Sie hätten unterschiedlicher nicht sein können: Everybody's Darling auf der einen, eifersüchtige Erzrivalin auf der anderen Seite. Vor den Olympischen Spielen in Lillehammer 1994 spitzt sich der Konkurrenzkampf im US-amerikanischen Eiskunstlaufteam zwischen Nancy Kerrigan und Tonya Harding immer mehr zu. Schliesslich endet er in einem Drama, das sich selbst Hollywoods Filmemacher nicht besser hätten ausdenken können.
Nancy Kerrigan ist zu Beginn der 90er-Jahre Amerikas Vorzeige-Eisballerina. Aus bescheidenen Verhältnissen kämpft sich die Tochter eines Schweissers nach ganz oben. Sie versprüht den Glamour, den die Amerikaner so lieben.
Tonya Harding ist zweifellos das grössere sportliche Talent. Schon als Zwölfjährige steht sie den dreifachen Lutz. Mit knapp 17 Jahren ist sie 1987 weltweit die erste Läuferin, die in einem internationalen Wettkampf den dreifachen Axel steht. Doch bei Harding, die aus einem zerrütteten Elternhaus kommt und die Schule abbricht, fehlt in den Darbietungen das gewisse Etwas. Der Glamour, den Kerrigan versprüht.
Die Trainingsweltmeisterin muss nach der WM-Silbermedaille 1991 zusehen, wie ihr Kerrigan mehr und mehr den Rang abläuft. Bei den US-Meisterschaften 1993 holt die «Schöne» Gold, dem «Biest» bleibt nur der undankbare vierte Rang. Das grosse Ziel, Olympiagold in Lillehammer und der damit verbundene soziale Aufstieg, scheint in weite Ferne gerückt.
So schmiedet Hardings Ehemann Jeff Gilloly einen perfiden Plan. Zusammen mit Hardings Bodyguard Shawn Eckardt heuert er einen Schläger an, der ein Attentat auf Kerrigan verüben soll. Am 6. Januar 1994 passiert es: Vor den US-Meisterschaften wird Kerrigan nach dem Training von Shane Stant mit einer Eisenstange am Knie verletzt.

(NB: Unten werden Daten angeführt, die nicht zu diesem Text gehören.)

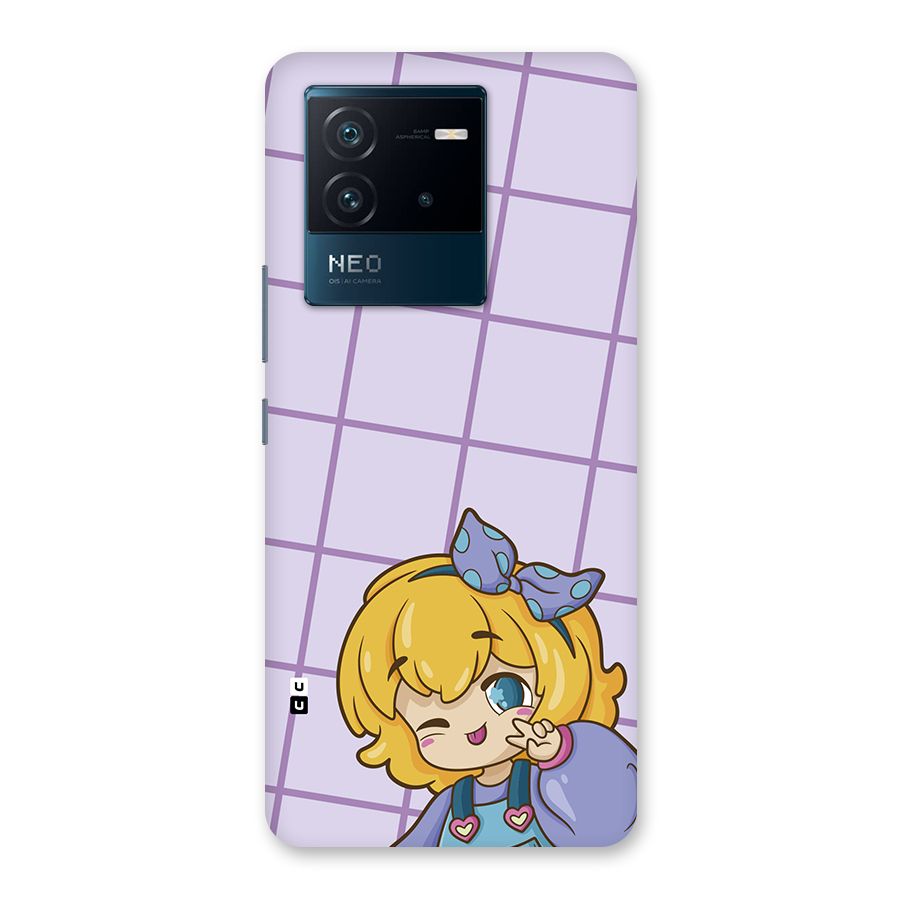 Cute Anime Illustration Back Case for Vivo iQOO Neo 6 5G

«Warum? Warum ich?», schreit das am Boden liegende Opfer mit schmerzverzerrtem Gesicht. Die Bilder gehen um die Welt.
Kerrigan kann nicht zu den US-Meisterschaften antreten. Harding holt den Titel, der ihr später jedoch aberkannt wird. Statt das zweite Olympia-Ticket direkt an die zweitplatzierte Michelle Kwan zu vergeben, lässt der Verband die Tür für Nancy Kerrigan offen.
Noch weiss die Welt nicht, wer für das Attentat verantwortlich ist. Doch nach gut einer Woche verhaftet die Polizei drei Männer. Einer von ihnen ist Hardings Ehemann. Seine Schuld lässt sich schnell beweisen. Ob seine Ehefrau vom Attentat wusste, jedoch nicht. Harding erkämpft sich ihre Olympia-Teilnahme vor Gericht, die Öffentlichkeit hat sich ihre Meinung aber längst gebildet.
So kommt es bei Olympia zum viel beachteten «Krieg der Eisprinzessinnen», zum Kampf «Gut» gegen «Böse», den Kerrigan klar für sich entscheidet. 49 Prozent aller Amerikaner sitzen vor dem TV, als sie sich mit den «zwei besten Vorführungen» ihres Lebens die Silbermedaille holt.
Bei Harding, die vom Publikum gnadenlos ausgepfiffen wird, bricht während ihrer Kür nach 45 Sekunden die Kufe. Sie darf noch einmal neu beginnen, doch die Nerven halten nicht. Tränenüberströmt verlässt sie nach ihrem Debakel und Rang 8 das Eis.
Doch für Harding geht der Albtraum weiter. Mitte März bekennt sie sich im Prozess um das Attentat schuldig. Sie wird zu drei Jahren Haft auf Bewährung, zu einer Busse von 160'000 Dollar und 500 Stunden gemeinnütziger Arbeit verurteilt. Ausserdem darf sie nie mehr an Amateur-Wettkämpfen teilnehmen.
Es folgt der endgültige soziale Abstieg. Sie versucht sich als Schauspielerin, Sängerin, Profiboxerin, Rennfahrerin und Wrestlerin. Der Erfolg bleibt überall aus.
Kerrigan dagegen ist noch immer Amerikas Darling. Nach ihrem Rücktritt nach den Spielen von Lillehammer verdiente sie Millionen, auch weil sich Disney die Rechte am Kerrigan-Drama sicherte.
Mit ihrer damaligen Konkurrentin hat die «Eisprinzessin» seit über 25 Jahren nicht mehr gesprochen. Harding lebt mittlerweile zurückgezogen auf dem Land. In einer TV-Dokumentation von ESPN, die im Rahmen des 20. Jahrestages des Attentats ausgestrahlt wurde, gab sie sich nach wie vor verbittert. «Nancy ist eine Prinzessin, so sieht sie jeder. Sie ist eine Prinzessin und ich bin ein Haufen Scheisse.»